Medical emergencies…these seem to happen in the most out of the way places. I remember accompanying a lady that fell and broke a shoulder in South Africa. It happened just outside Kruger National Game Reserve and we had to go to the little rural hospital where they were hosing down the corridors with a water hose and then we were transported to help in one of the best hospitals that I have every been in. It was where the first heart transplant took place. Just this past summer, a passenger became very sea sick on our cruise around Iceland and I had to arrange a flight home from Reykjavik, the only part that she could leave from in this isolated part of the North Sea.
Weather issues….on the Douro River in Portugal, we were inundated with rain and flooding of the river so that the bridges and locks were unpassable. This resulted in much of our tour being by coach, rather than boat, which in fact, was very fascinating and delightful. And just this summer, on my cruise around Iceland and in the North Sea, we had gale force winds that forced our captain to change course and itinerary so that we missed the worst of the high seas. None of us has any say over the weather, so you must roll with the changes, be safe and adapt.
Luggage Issues….on Saturday night after a long twenty hour day, our group found out the baggage did not make our connection from Croatia to Rome, so when we arrived in Toronto, we all had to fill out delayed luggage forms: the upside to this dilemma was that we didn’t have to carry home our luggage.
Thinking of Thanksgiving, I was thankful to be coming home to Canada and my family and at the airport hotel, I met a young man from Croatia. I found out that he had lost his entire family in the Bosnia war and had come to Canada to start a new life. This put my small annoyances in perspective.
A couple of my most humourous memories always bring back a smile and a chuckle. On our Ireland tour several years ago, our guide, Willie, claimed he was a descendant of a leprechaun and actually looked like one.
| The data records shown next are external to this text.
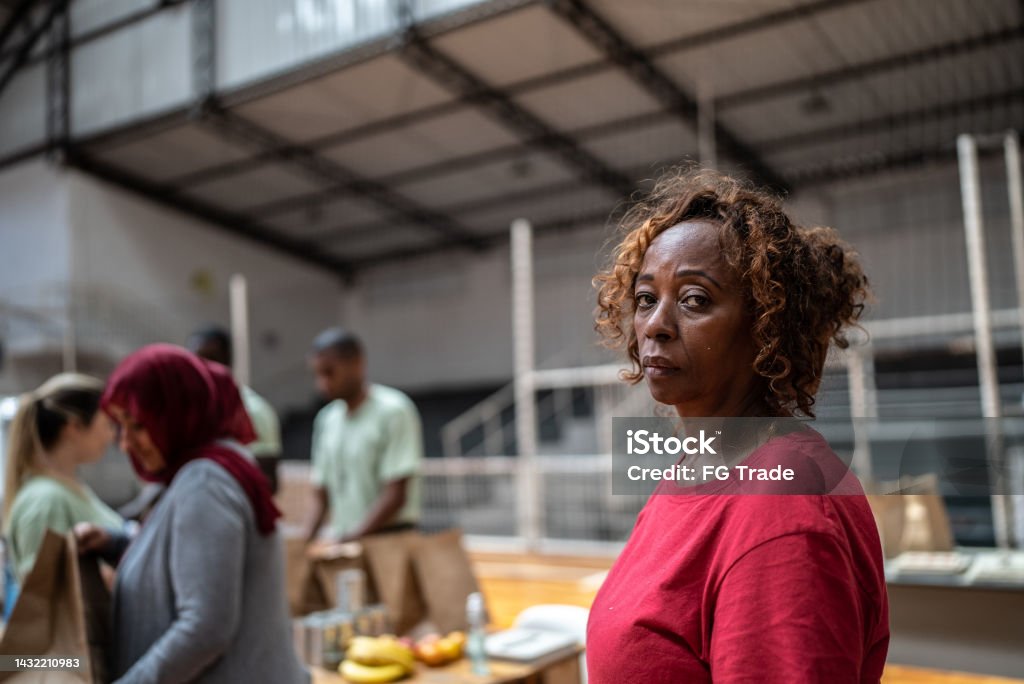 Portrait of a refugee woman in a sheltering Homeless Person Stock Photo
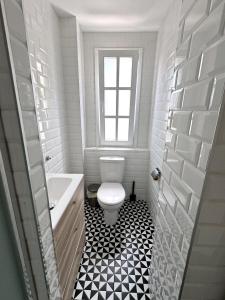 een witte badkamer met een toilet en een raam bij Luxurious Penthouse Studio with Private Terrace - Grand Central House in Gibraltar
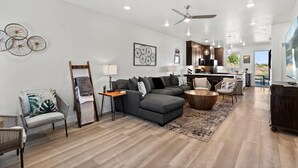 A modern living room with a grey sectional sofa, a wooden coffee table, and a patterned rug.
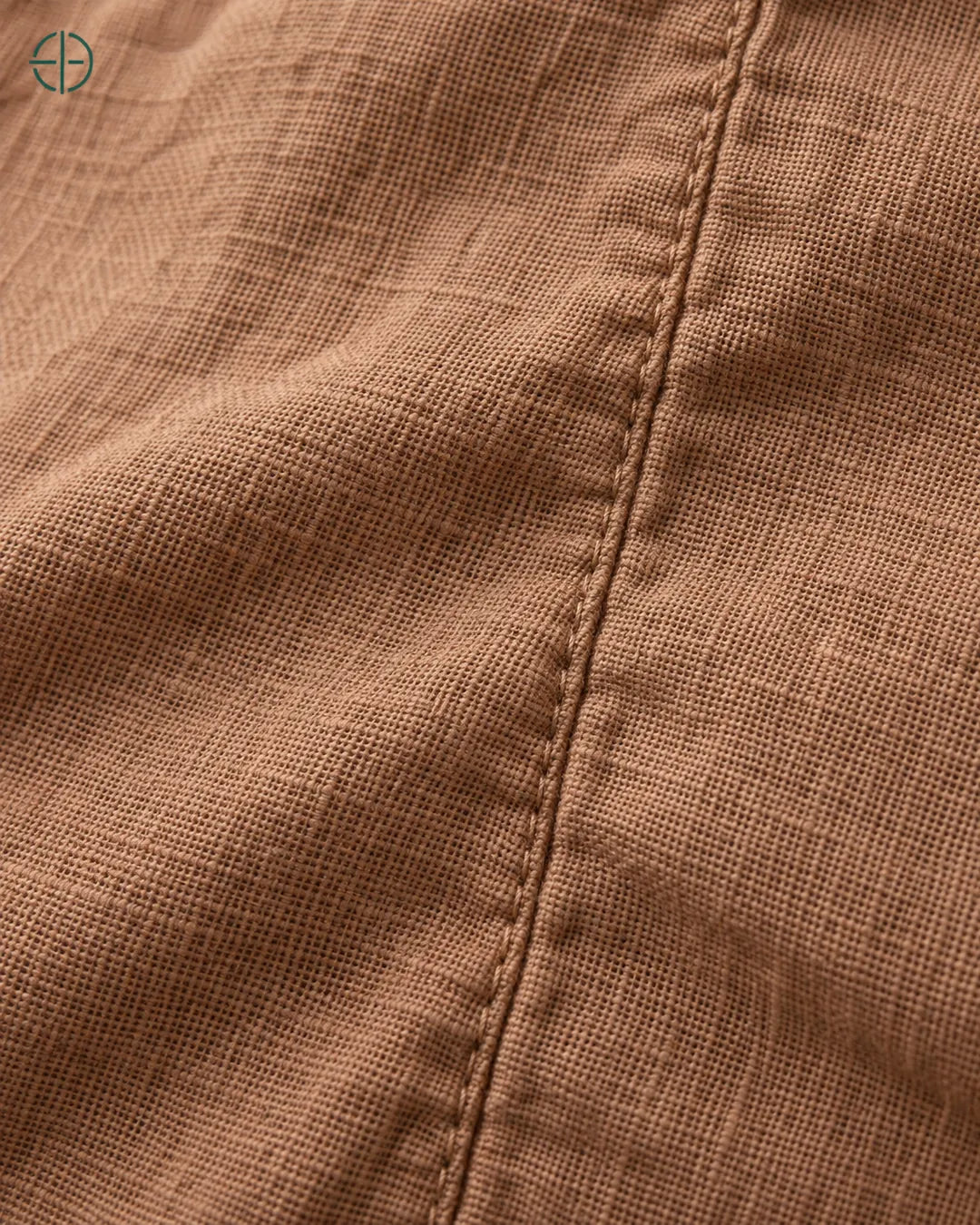 Camisa 100% Linho Belga Masculina, cor Bronze, macro do produto no modelo, em estúdio profissional com fundo cinza ostra.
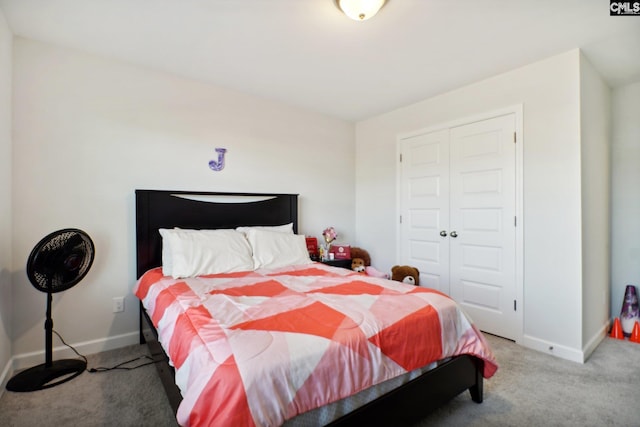 carpeted bedroom with a closet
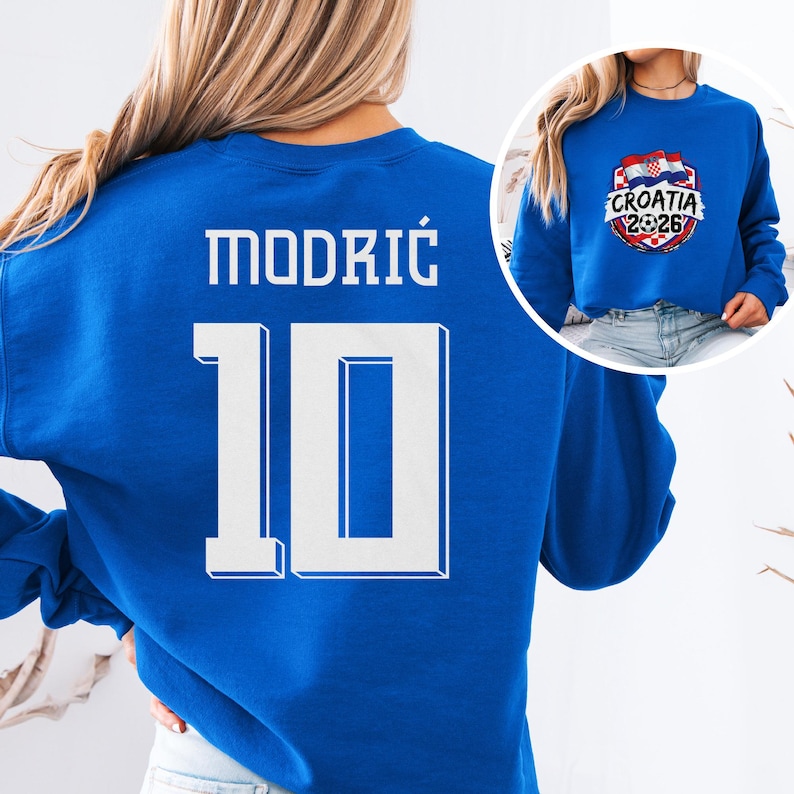 A woman wearing a blue sweatshirt with the number 10 and the name "Modric" printed on it.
One of his many stories was the story that the roads in Ireland are so crooked because they were built around the hills where the little leprechauns live. I am so looking forward to reconnecting with one of my favourite guides, Willy Cusker, in Ireland next June on another tour.
My husband, Richard, always wore a red Canada hat so passengers knew where he was and who to follow. In Italy, we had three daughters (travelling with their mother) who decided to steal his hat and asked for ransoms all the way from candy to drinks to singing a song. It added to the enjoyment of us all.
On our first lunch in South Africa, we were served fish soup. As Richard was allergic to shell fish, he asked if it had shells in it. The server said no. I tried mine and there was definitely shrimp and lobster in it. Questioning the server again about whether there were shell fish in the soup, his reply was “No, we took the shells out.”
On a Russian river cruise, a lady was wearing a felted wool hat with a flower on one side every day and one day it got wet from the rain. At dinner that night she was telling her dinner companions that she had found a way to dry it out by putting it on the lamp in the cabin and leaving the light on. Soon after, Richard got called out of dinner by a cabin steward and was asked to investigate one of our passenger’s cabins, as there appeared to be smoke emanating from under the door. The passenger was escorted to her room and asked about this hat drying on the lamp. The next day, she showed up wearing the hat but had changed the flower to cover a burn hole. She and her hat smelled like burnt wool for the rest of the trip. It sounds funny now, but we often thought about how it could have had a very different conclusion.
I hope this captures some of my experiences and wonderful memories. I love learning new things, seeing new places in the world and enjoying my passion of travelling, but it is really the people I meet that are so interesting and make every journey worthwhile. A new quote for me is “I have not been EVERYWHERE, but it is on my list!”